Agência Efe
A Doutrina Parot, ou Sentença 197/2006, responsável por violar os direitos humanos de presos políticos bascos e impor a pena de prisão perpétua a centenas de bascos e bascas, foi derrubada pelo TEDH (Tribunal de Direitos Humanos da União Europeia), em Estrasburgo na manhã desta segunda-feira (21/10).
Na realidade, a decisão do dia 21 apenas reafirma sentença anterior, de julho de 2012, que declara ilegal a aplicação de tal doutrina sob a luz do artigo 7 da Convenção Europeia de Direitos Humanos que declara “não há pena sem lei”. A Espanha recorreu à decisão de 2012 e, desta vez, acabaram-se os recursos.

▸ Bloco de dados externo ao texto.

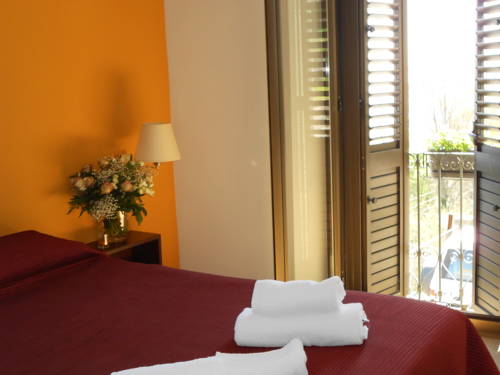 Imagen de la habitación del Hotel Santuari De La Salut De Sant Feliu De Pallerols. Foto 4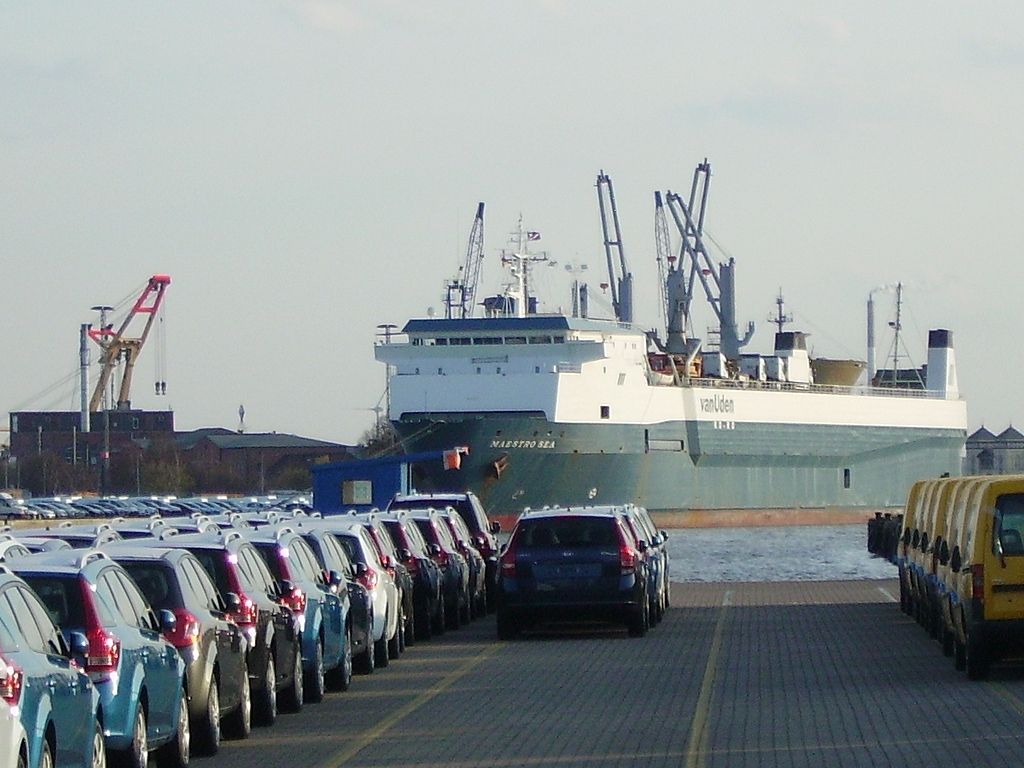 El tráfico ro-ro en el puerto de Melilla crece más de un 45 por ciento durante el mes de junio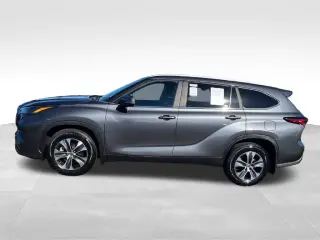 Toyota Highlander 2023 AWD L 4 SUV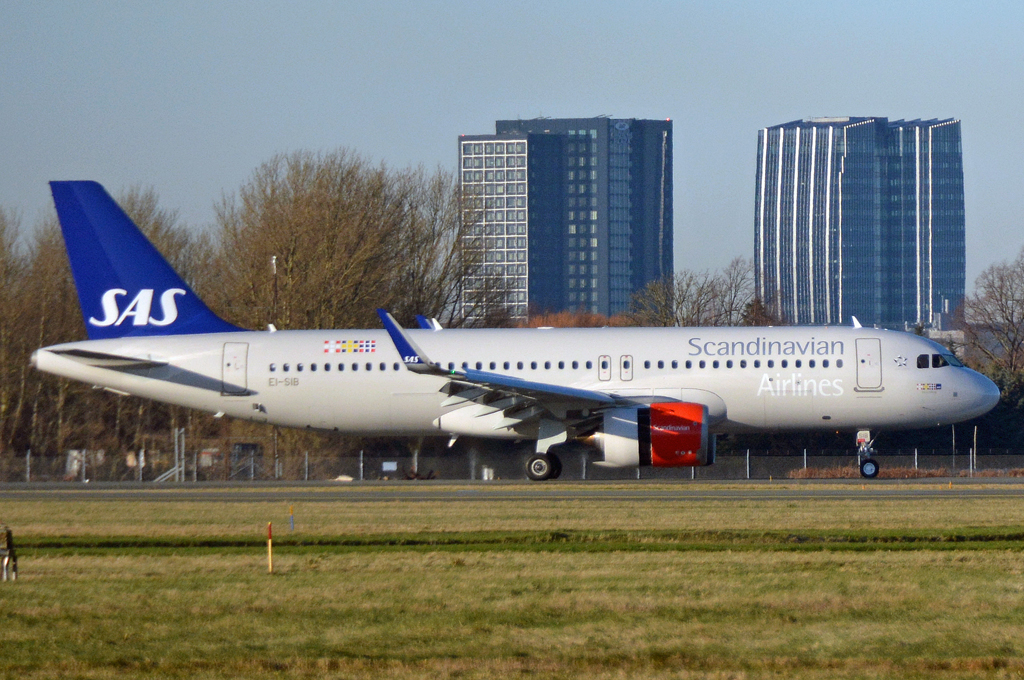 EI-SIB (7951) 2017 Airbus A320-251N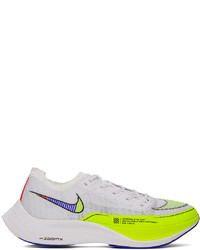 Chaussures de sport grises Nike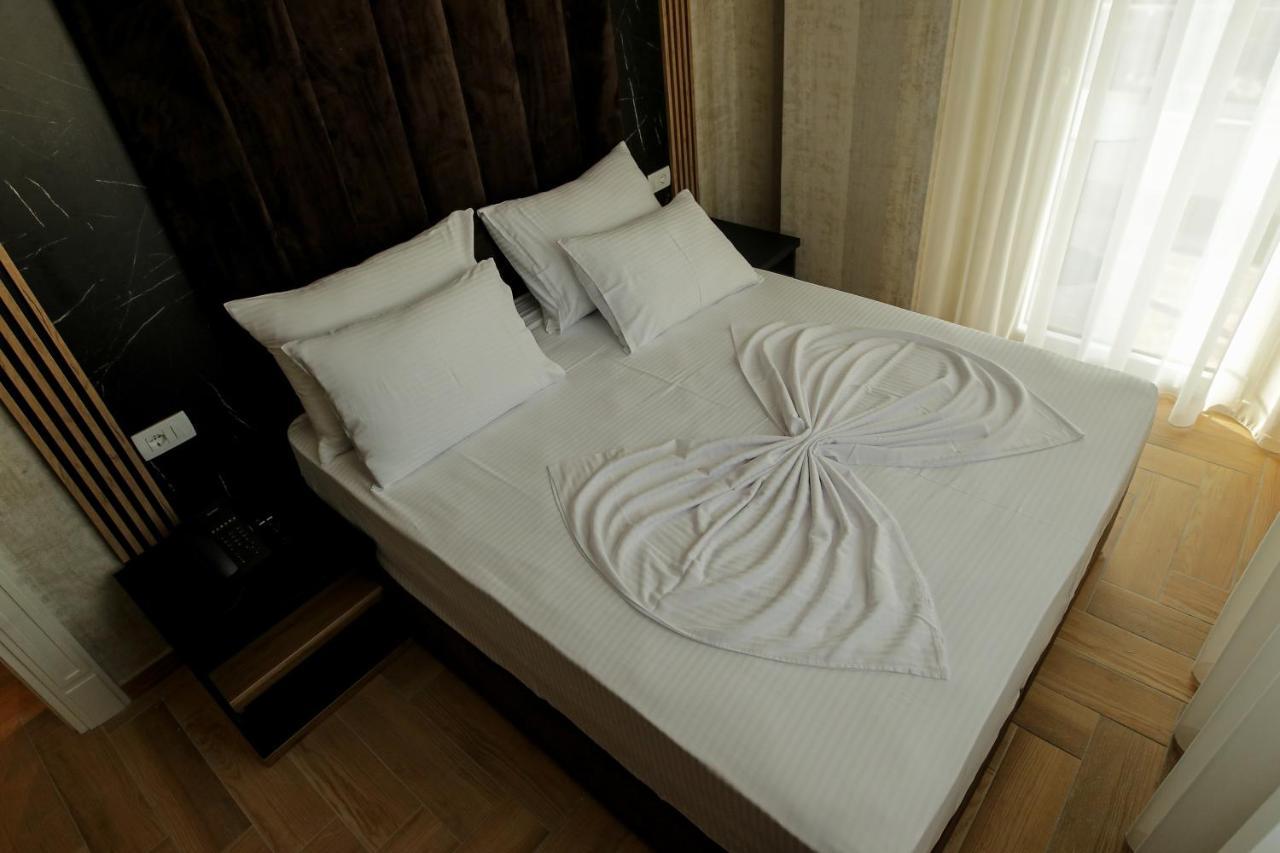 Rozafa Blu Hotel Shëngjin Esterno foto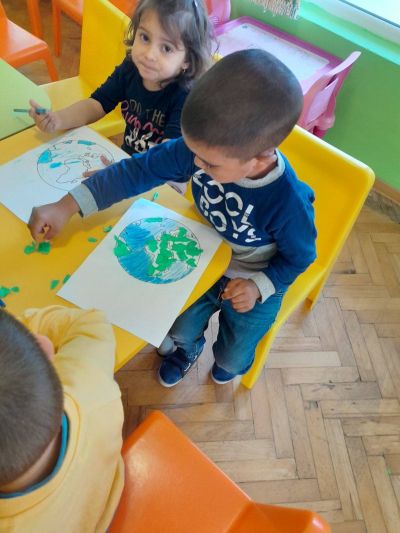 Ден на Земята в група Пчеличка, с. Крушовица - ДГ Незабравка - Мизия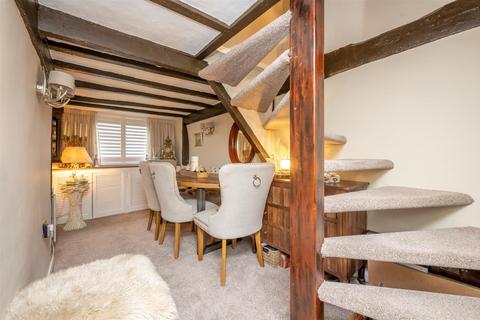 3 bedroom cottage for sale, 3 Beaudesert Lane, Henley-In-Arden B95
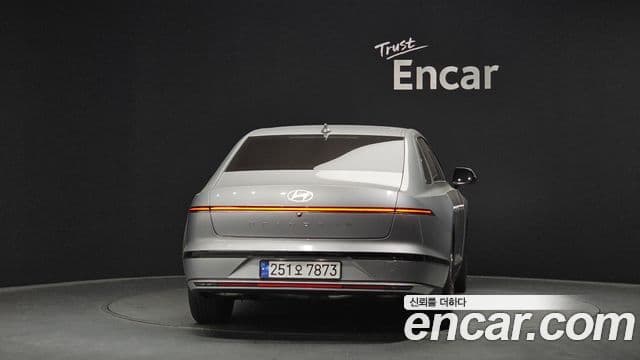 Hyundai Grandeur (GN7) Exclusive, 2023 4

Agora, a Espanha será forçada a alterar sua política carcerária o mais rápido possível. Caso contrário, poderá sofrer sanções do tribunal.
[Inés del Rio, detida em 1987 por participar de ações armadas da ETA e presa há 25 anos; apelação de seus advogados derrubou doutrina Parot]
Desta tentativa de reduzir pena, nasceu a doutrina, aplicada pelo Tribunal Supremo da Espanha, que alterou a compreensão sobre cumprimento de penas, considerando que as condenações deveriam ser cumpridas de forma consecutiva até o limite de 30 anos, ou seja, o benefício de redução da pena não teria validade.
O caso de Inés del Rio
Esta decisão do TEDH vem do pedido de Inés del Rio, detida em 1987 por participar de ações armadas da ETA e presa há 25 anos. Em 2008, a Doutrina Parot lhe foi aplicada, impedindo sua saída da prisão apesar da redução de 9 anos em sua sentença por trabalhos realizados na prisão, o que resultou na invocação do artigo 7 da Convenção Europeia junto ao TEDH.
Além disso, os advogados de del Río denunciavam a aplicação retroativa e, à luz do artigo 14, denunciavam a discriminação aos presos da ETA que viam a aplicação de tal doutrina como uma vingança contra suas ações pela independência do País Basco.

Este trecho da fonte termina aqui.